### RECORDS FOR THE EXERCISE
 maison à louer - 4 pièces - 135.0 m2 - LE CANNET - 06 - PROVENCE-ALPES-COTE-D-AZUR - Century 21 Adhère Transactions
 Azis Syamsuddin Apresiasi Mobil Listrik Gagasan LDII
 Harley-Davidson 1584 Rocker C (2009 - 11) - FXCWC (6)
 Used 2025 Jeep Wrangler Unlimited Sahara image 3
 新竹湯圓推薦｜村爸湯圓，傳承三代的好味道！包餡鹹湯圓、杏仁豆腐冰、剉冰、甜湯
######
### WORK INSTRUCTIONS
Copy out all of the data exactly, leaving nothing out.

### SOLVED PROBLEM
 maison à louer - 4 pièces - 135.0 m2 - LE CANNET - 06 - PROVENCE-ALPES-COTE-D-AZUR - Century 21 Adhère Transactions
 Azis Syamsuddin Apresiasi Mobil Listrik Gagasan LDII
 Harley-Davidson 1584 Rocker C (2009 - 11) - FXCWC (6)
 Used 2025 Jeep Wrangler Unlimited Sahara image 3
 新竹湯圓推薦｜村爸湯圓，傳承三代的好味道！包餡鹹湯圓、杏仁豆腐冰、剉冰、甜湯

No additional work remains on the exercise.